Problem: Return the records, each one exactly as written.

(Items listed in a dataset)
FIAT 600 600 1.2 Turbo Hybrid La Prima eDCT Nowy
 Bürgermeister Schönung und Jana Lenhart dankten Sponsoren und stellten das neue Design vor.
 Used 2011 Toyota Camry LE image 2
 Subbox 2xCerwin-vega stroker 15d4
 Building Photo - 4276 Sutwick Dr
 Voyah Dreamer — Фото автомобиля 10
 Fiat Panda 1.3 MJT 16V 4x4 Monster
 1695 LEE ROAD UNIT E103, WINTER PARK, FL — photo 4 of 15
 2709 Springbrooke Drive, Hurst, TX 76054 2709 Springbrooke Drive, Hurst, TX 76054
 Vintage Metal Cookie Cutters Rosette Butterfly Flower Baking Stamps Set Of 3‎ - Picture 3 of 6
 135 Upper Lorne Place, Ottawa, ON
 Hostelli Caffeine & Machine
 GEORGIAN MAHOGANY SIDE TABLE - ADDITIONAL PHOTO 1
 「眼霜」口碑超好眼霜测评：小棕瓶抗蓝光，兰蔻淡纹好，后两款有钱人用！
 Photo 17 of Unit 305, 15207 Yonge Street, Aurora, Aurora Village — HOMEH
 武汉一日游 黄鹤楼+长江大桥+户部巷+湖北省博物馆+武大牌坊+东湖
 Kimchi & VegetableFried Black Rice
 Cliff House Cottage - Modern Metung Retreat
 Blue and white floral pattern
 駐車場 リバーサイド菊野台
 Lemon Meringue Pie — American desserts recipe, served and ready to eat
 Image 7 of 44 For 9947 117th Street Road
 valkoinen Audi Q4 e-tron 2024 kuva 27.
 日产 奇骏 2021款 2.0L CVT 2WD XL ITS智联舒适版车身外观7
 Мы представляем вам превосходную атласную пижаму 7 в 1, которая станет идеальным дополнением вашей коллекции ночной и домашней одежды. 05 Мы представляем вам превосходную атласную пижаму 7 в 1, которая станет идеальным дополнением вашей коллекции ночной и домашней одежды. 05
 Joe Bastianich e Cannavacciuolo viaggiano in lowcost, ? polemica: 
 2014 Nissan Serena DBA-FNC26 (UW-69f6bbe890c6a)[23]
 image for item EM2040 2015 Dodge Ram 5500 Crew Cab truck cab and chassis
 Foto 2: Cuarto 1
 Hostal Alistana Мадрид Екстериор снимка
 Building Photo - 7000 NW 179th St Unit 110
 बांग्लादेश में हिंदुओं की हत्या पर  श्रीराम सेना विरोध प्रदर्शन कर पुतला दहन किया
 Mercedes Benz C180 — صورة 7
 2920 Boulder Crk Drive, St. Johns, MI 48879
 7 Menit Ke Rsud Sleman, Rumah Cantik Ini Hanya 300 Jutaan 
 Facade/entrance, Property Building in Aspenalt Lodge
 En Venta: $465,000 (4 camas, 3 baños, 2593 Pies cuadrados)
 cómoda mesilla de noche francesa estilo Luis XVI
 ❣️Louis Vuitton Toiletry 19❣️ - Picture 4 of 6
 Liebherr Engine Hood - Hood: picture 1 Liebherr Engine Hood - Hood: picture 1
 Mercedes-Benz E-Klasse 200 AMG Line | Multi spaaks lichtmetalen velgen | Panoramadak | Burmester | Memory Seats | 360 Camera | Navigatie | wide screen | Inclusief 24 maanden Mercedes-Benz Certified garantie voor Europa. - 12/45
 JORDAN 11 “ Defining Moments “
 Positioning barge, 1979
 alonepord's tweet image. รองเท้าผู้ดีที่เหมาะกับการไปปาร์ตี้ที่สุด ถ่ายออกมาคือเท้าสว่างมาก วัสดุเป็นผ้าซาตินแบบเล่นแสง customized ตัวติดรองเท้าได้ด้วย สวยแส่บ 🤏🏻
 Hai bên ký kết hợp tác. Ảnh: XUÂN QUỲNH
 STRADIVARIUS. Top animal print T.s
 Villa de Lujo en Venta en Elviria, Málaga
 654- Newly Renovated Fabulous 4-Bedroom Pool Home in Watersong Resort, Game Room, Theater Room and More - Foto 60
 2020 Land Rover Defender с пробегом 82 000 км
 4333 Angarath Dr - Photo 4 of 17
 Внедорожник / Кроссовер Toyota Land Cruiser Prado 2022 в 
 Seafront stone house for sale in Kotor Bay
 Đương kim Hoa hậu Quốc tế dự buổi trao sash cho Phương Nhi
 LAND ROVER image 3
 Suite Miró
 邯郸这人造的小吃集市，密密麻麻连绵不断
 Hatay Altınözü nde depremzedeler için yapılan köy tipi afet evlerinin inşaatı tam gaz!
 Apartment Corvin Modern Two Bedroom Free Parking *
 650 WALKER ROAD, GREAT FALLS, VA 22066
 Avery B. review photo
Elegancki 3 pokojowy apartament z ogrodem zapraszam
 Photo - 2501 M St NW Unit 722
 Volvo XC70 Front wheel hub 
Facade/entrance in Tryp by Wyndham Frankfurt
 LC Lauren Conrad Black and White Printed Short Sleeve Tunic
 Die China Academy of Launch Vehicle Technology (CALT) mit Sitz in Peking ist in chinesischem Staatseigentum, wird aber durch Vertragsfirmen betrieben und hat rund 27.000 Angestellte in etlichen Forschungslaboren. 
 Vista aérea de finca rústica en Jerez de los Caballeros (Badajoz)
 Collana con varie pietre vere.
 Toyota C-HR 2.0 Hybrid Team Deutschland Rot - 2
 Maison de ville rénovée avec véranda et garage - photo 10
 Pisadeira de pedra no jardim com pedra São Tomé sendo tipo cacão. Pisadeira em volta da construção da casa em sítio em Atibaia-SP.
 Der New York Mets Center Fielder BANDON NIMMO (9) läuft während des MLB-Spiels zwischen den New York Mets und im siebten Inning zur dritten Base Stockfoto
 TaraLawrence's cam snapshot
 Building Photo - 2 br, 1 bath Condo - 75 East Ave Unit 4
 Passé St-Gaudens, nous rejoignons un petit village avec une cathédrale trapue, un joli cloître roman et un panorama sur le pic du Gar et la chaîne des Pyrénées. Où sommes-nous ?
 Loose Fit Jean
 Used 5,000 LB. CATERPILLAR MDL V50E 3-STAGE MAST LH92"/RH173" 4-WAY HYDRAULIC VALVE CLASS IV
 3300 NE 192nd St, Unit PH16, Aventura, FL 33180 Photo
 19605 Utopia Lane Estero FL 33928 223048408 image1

Answer section:
FIAT 600 600 1.2 Turbo Hybrid La Prima eDCT Nowy
 Bürgermeister Schönung und Jana Lenhart dankten Sponsoren und stellten das neue Design vor.
 Used 2011 Toyota Camry LE image 2
 Subbox 2xCerwin-vega stroker 15d4
 Building Photo - 4276 Sutwick Dr
 Voyah Dreamer — Фото автомобиля 10
 Fiat Panda 1.3 MJT 16V 4x4 Monster
 1695 LEE ROAD UNIT E103, WINTER PARK, FL — photo 4 of 15
 2709 Springbrooke Drive, Hurst, TX 76054 2709 Springbrooke Drive, Hurst, TX 76054
 Vintage Metal Cookie Cutters Rosette Butterfly Flower Baking Stamps Set Of 3‎ - Picture 3 of 6
 135 Upper Lorne Place, Ottawa, ON
 Hostelli Caffeine & Machine
 GEORGIAN MAHOGANY SIDE TABLE - ADDITIONAL PHOTO 1
 「眼霜」口碑超好眼霜测评：小棕瓶抗蓝光，兰蔻淡纹好，后两款有钱人用！
 Photo 17 of Unit 305, 15207 Yonge Street, Aurora, Aurora Village — HOMEH
 武汉一日游 黄鹤楼+长江大桥+户部巷+湖北省博物馆+武大牌坊+东湖
 Kimchi & VegetableFried Black Rice
 Cliff House Cottage - Modern Metung Retreat
 Blue and white floral pattern
 駐車場 リバーサイド菊野台
 Lemon Meringue Pie — American desserts recipe, served and ready to eat
 Image 7 of 44 For 9947 117th Street Road
 valkoinen Audi Q4 e-tron 2024 kuva 27.
 日产 奇骏 2021款 2.0L CVT 2WD XL ITS智联舒适版车身外观7
 Мы представляем вам превосходную атласную пижаму 7 в 1, которая станет идеальным дополнением вашей коллекции ночной и домашней одежды. 05 Мы представляем вам превосходную атласную пижаму 7 в 1, которая станет идеальным дополнением вашей коллекции ночной и домашней одежды. 05
 Joe Bastianich e Cannavacciuolo viaggiano in lowcost, ? polemica: 
 2014 Nissan Serena DBA-FNC26 (UW-69f6bbe890c6a)[23]
 image for item EM2040 2015 Dodge Ram 5500 Crew Cab truck cab and chassis
 Foto 2: Cuarto 1
 Hostal Alistana Мадрид Екстериор снимка
 Building Photo - 7000 NW 179th St Unit 110
 बांग्लादेश में हिंदुओं की हत्या पर  श्रीराम सेना विरोध प्रदर्शन कर पुतला दहन किया
 Mercedes Benz C180 — صورة 7
 2920 Boulder Crk Drive, St. Johns, MI 48879
 7 Menit Ke Rsud Sleman, Rumah Cantik Ini Hanya 300 Jutaan 
 Facade/entrance, Property Building in Aspenalt Lodge
 En Venta: $465,000 (4 camas, 3 baños, 2593 Pies cuadrados)
 cómoda mesilla de noche francesa estilo Luis XVI
 ❣️Louis Vuitton Toiletry 19❣️ - Picture 4 of 6
 Liebherr Engine Hood - Hood: picture 1 Liebherr Engine Hood - Hood: picture 1
 Mercedes-Benz E-Klasse 200 AMG Line | Multi spaaks lichtmetalen velgen | Panoramadak | Burmester | Memory Seats | 360 Camera | Navigatie | wide screen | Inclusief 24 maanden Mercedes-Benz Certified garantie voor Europa. - 12/45
 JORDAN 11 “ Defining Moments “
 Positioning barge, 1979
 alonepord's tweet image. รองเท้าผู้ดีที่เหมาะกับการไปปาร์ตี้ที่สุด ถ่ายออกมาคือเท้าสว่างมาก วัสดุเป็นผ้าซาตินแบบเล่นแสง customized ตัวติดรองเท้าได้ด้วย สวยแส่บ 🤏🏻
 Hai bên ký kết hợp tác. Ảnh: XUÂN QUỲNH
 STRADIVARIUS. Top animal print T.s
 Villa de Lujo en Venta en Elviria, Málaga
 654- Newly Renovated Fabulous 4-Bedroom Pool Home in Watersong Resort, Game Room, Theater Room and More - Foto 60
 2020 Land Rover Defender с пробегом 82 000 км
 4333 Angarath Dr - Photo 4 of 17
 Внедорожник / Кроссовер Toyota Land Cruiser Prado 2022 в 
 Seafront stone house for sale in Kotor Bay
 Đương kim Hoa hậu Quốc tế dự buổi trao sash cho Phương Nhi
 LAND ROVER image 3
 Suite Miró
 邯郸这人造的小吃集市，密密麻麻连绵不断
 Hatay Altınözü nde depremzedeler için yapılan köy tipi afet evlerinin inşaatı tam gaz!
 Apartment Corvin Modern Two Bedroom Free Parking *
 650 WALKER ROAD, GREAT FALLS, VA 22066
 Avery B. review photo
Elegancki 3 pokojowy apartament z ogrodem zapraszam
 Photo - 2501 M St NW Unit 722
 Volvo XC70 Front wheel hub 
Facade/entrance in Tryp by Wyndham Frankfurt
 LC Lauren Conrad Black and White Printed Short Sleeve Tunic
 Die China Academy of Launch Vehicle Technology (CALT) mit Sitz in Peking ist in chinesischem Staatseigentum, wird aber durch Vertragsfirmen betrieben und hat rund 27.000 Angestellte in etlichen Forschungslaboren. 
 Vista aérea de finca rústica en Jerez de los Caballeros (Badajoz)
 Collana con varie pietre vere.
 Toyota C-HR 2.0 Hybrid Team Deutschland Rot - 2
 Maison de ville rénovée avec véranda et garage - photo 10
 Pisadeira de pedra no jardim com pedra São Tomé sendo tipo cacão. Pisadeira em volta da construção da casa em sítio em Atibaia-SP.
 Der New York Mets Center Fielder BANDON NIMMO (9) läuft während des MLB-Spiels zwischen den New York Mets und im siebten Inning zur dritten Base Stockfoto
 TaraLawrence's cam snapshot
 Building Photo - 2 br, 1 bath Condo - 75 East Ave Unit 4
 Passé St-Gaudens, nous rejoignons un petit village avec une cathédrale trapue, un joli cloître roman et un panorama sur le pic du Gar et la chaîne des Pyrénées. Où sommes-nous ?
 Loose Fit Jean
 Used 5,000 LB. CATERPILLAR MDL V50E 3-STAGE MAST LH92"/RH173" 4-WAY HYDRAULIC VALVE CLASS IV
 3300 NE 192nd St, Unit PH16, Aventura, FL 33180 Photo
 19605 Utopia Lane Estero FL 33928 223048408 image1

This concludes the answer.